======== Study material ========

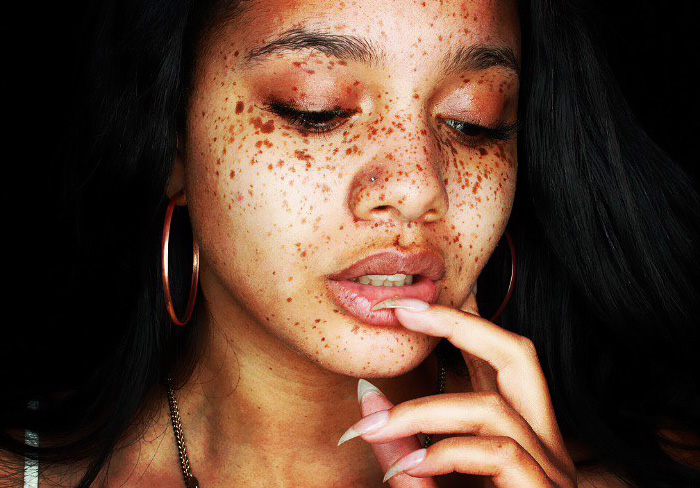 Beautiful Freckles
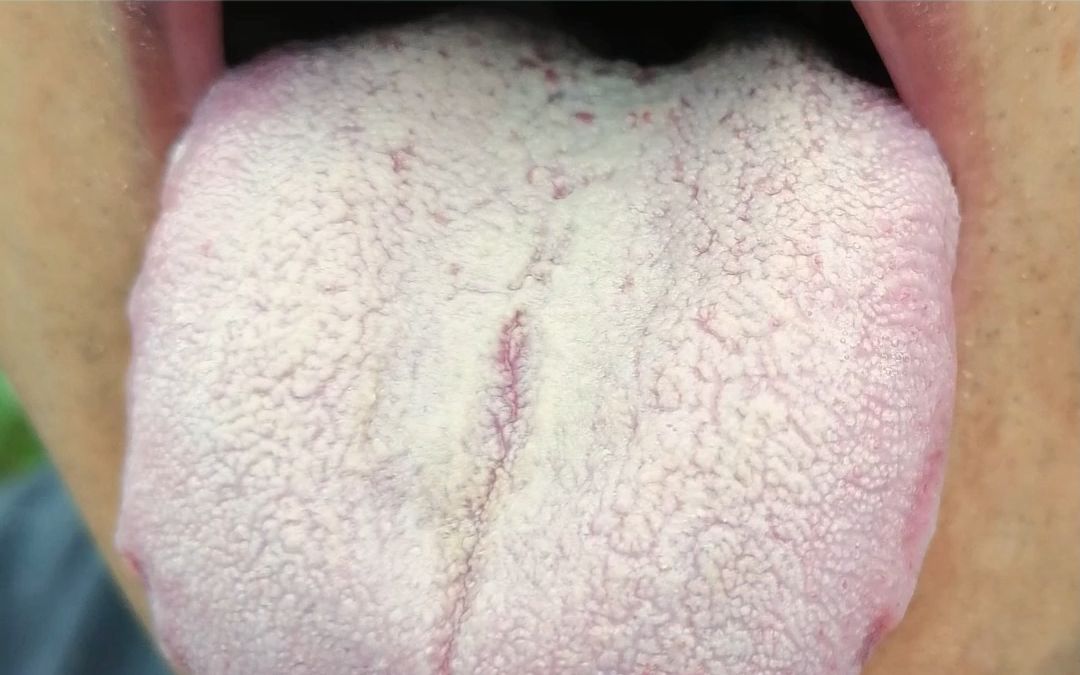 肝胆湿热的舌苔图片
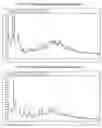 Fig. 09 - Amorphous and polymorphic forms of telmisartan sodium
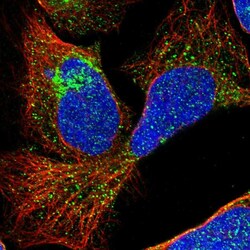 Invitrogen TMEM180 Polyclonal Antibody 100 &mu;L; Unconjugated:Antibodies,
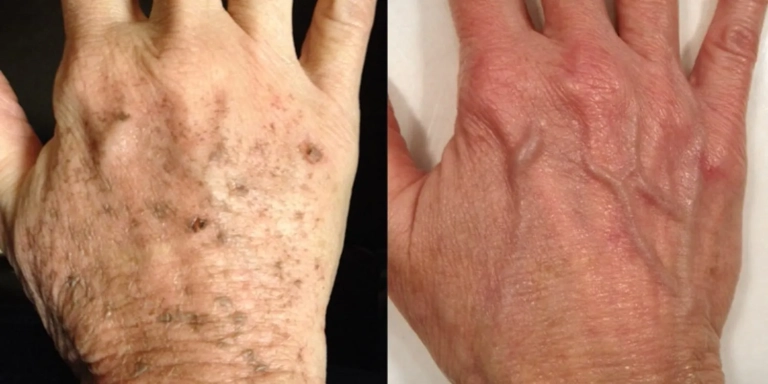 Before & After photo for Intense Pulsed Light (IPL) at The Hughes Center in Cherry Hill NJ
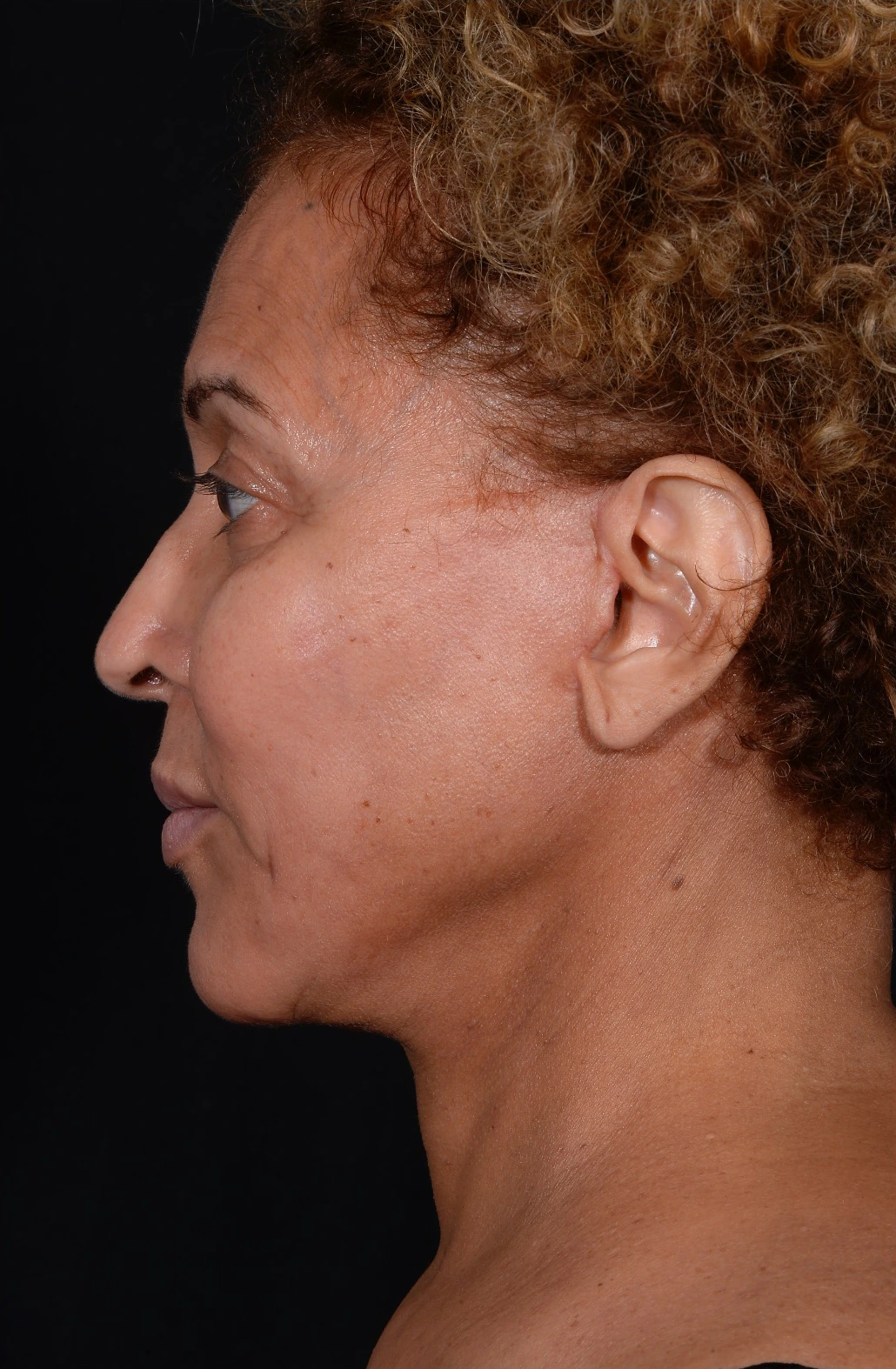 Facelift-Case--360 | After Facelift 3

========

What is expected =>
Your copy should hold exactly the lines from the one with "Before & After" through the final line of the records, both ends included, and no pictures.

Solution for this exercise =>
 Before & After photo for Intense Pulsed Light (IPL) at The Hughes Center in Cherry Hill NJ
 Facelift-Case--360 | After Facelift 3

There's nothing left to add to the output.